In England, for example, the way is open for the working class to develop their political power. In a place where they can achieve their goal more quickly and more securely through peaceful propaganda, insurrection would be a folly.
Marx made a similar point in an interview granted to an American journalist and published in the New York World on 18th July 1871.
In England … the way to show political power lies open to the working class. Insurrection would be madness where peaceful agitation would more swiftly and surely do the work.

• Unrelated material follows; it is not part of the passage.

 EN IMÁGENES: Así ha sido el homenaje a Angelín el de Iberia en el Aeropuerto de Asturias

The American reporter who conducted the interview in Marx’s house in Hampstead noted that on the table of the pleasant drawing room they were sitting in was displayed “a fine album of Rhine views.” They must have included the dramatic and almost mythical Lorelei rock in the Rhine Gorge, the subject of one of Heine’s most hauntingly beautiful ballads of that name. That the Rhineland still meant so much to Marx even after having left it more than a quarter century earlier may evoke the equally haunting epigram of the Ukrainian-born Hebrew poet Shaul Tschernichowsky that every person is formed by the design of his homeland’s landscape (ha’adam eyno ela tavnit nof moladeto). It is fair to guess that when looking at those images in the album, Marx was contemplating not only the stunning physical beauty of his Rhenish homeland, but also what it stood for in history and in the annals of his family. He had no sentimental attachment to Germany; but the Rhineland was a different matter.

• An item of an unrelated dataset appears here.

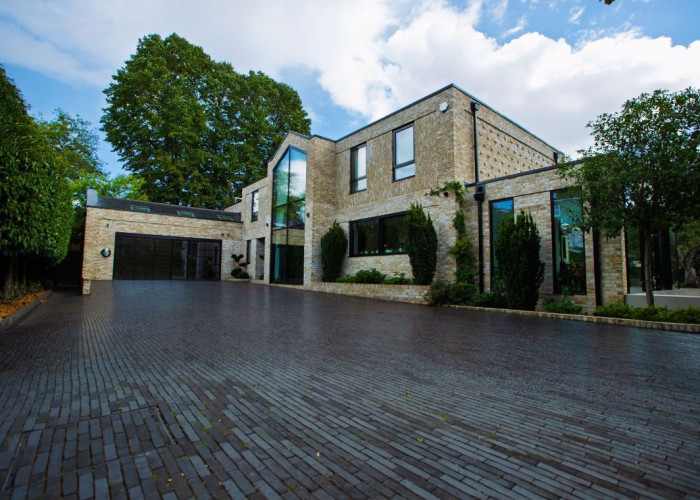 1. Driveway, Garage (Double), Coronavirus-Friendly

Yet it was political developments in Germany that greatly encouraged Marx. The newly established Bismarckian unified Germany extended voting rights for the Reichstag to all male citizens—a tremendous change from the restricted and property-based voting rights in Prussia and other individual German states. Consequently, despite the setbacks caused by the Paris Commune and the virtual demise of the IWA, the new conditions in Germany brought about the emergence of what would eventually become the strongest social democratic party in Europe.

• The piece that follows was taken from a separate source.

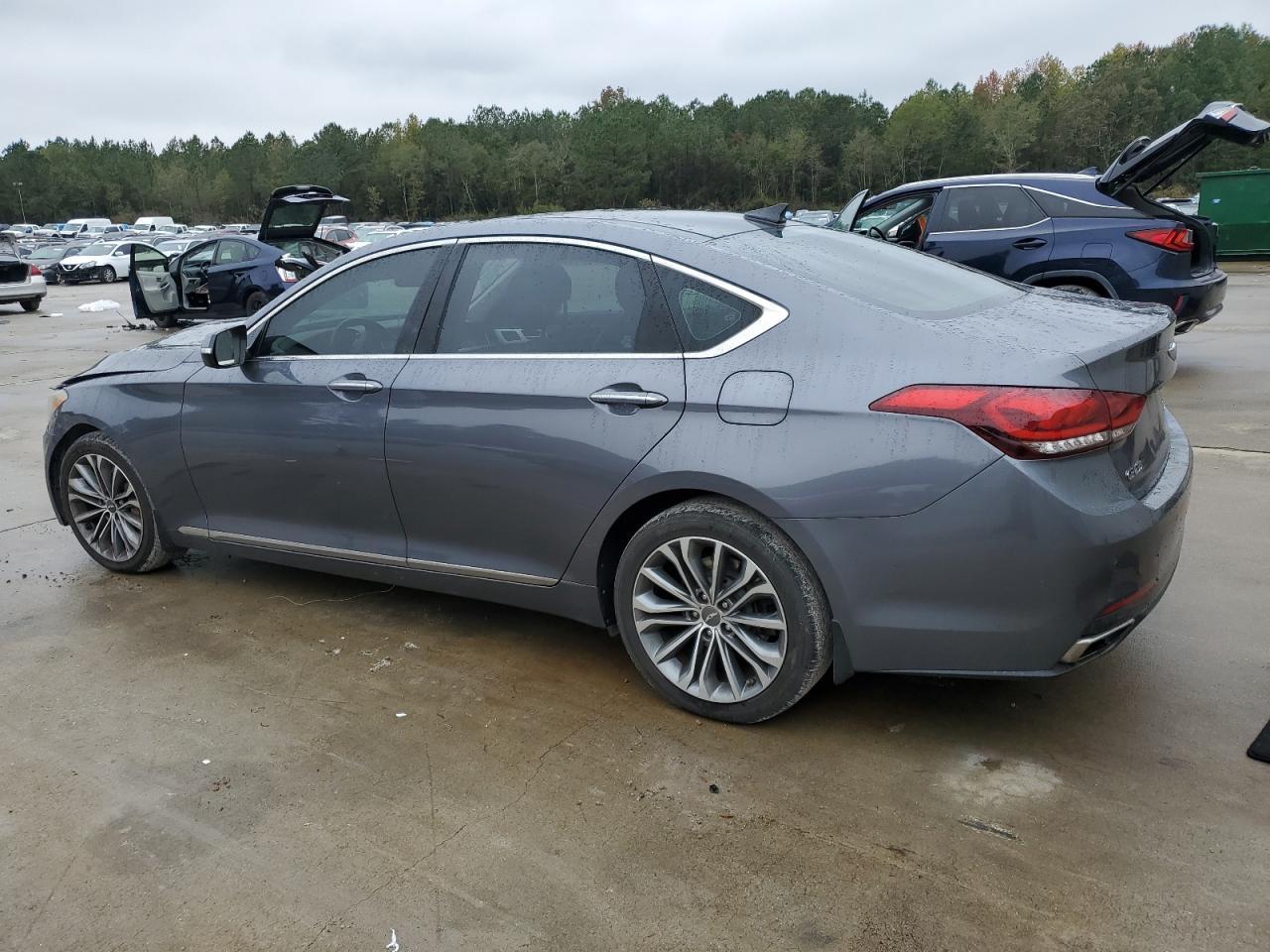 2016 Hyundai Genesis 3.8L - Фото 2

Since the 1860s, there had existed in Germany two working-class parties—the General German Workers Association, founded by Lassalle, and the Social Democratic Workers Party, led by August Bebel and Wilhelm Liebknecht, who were close to Marx. At a congress in the town of Gotha in May 1875, the two parties agreed to merge, forming the German Social Democratic Party (SPD).
A preparatory committee drafted a detailed
party program, and one of the drafters sent it to Marx in London for his comments. In his response, Marx maintained that in principle the united party did not need a detailed ideological program: a concise working plan dealing with concrete issues should suffice. But, he added, since a detailed program had been drafted, he would like to make just a few marginal comments, especially because some publications, mainly at the instigation of Bakunin, had suggested that Marx and Engels were clandestinely directing the newly established united party from London, and it would be important to distance himself from such a claims.
This was the background for what would eventually be known as Marx’s Critique of the Gotha Program. His comments were never made public at the time or even later during his life, and were virtually disregarded by the founding congress at Gotha; they had no immediate impact on the united party’s policies. Marx’s comments were first published by Engels in 1891, with a preface by him, and thus eventually became part of the canonical Marx ideological corpus.
Most of Marx’s Critique is of limited intellectual or historical significance and can be easily dismissed as a typical contribution to the work of a committee drafting a document that reflects nuances in terminology and approach by two different socialist traditions—the Marxian and the Lassallean. With some exasperation and anger—being far away from the action at Gotha—Marx reiterates his differences with Lassalle’s theories of labor, value, and the role of the state. Many of these comments are petty, trivial, and hair splitting: in a way they corroborate Marx’s basic view that the new party should not get involved too much in ideological arguments.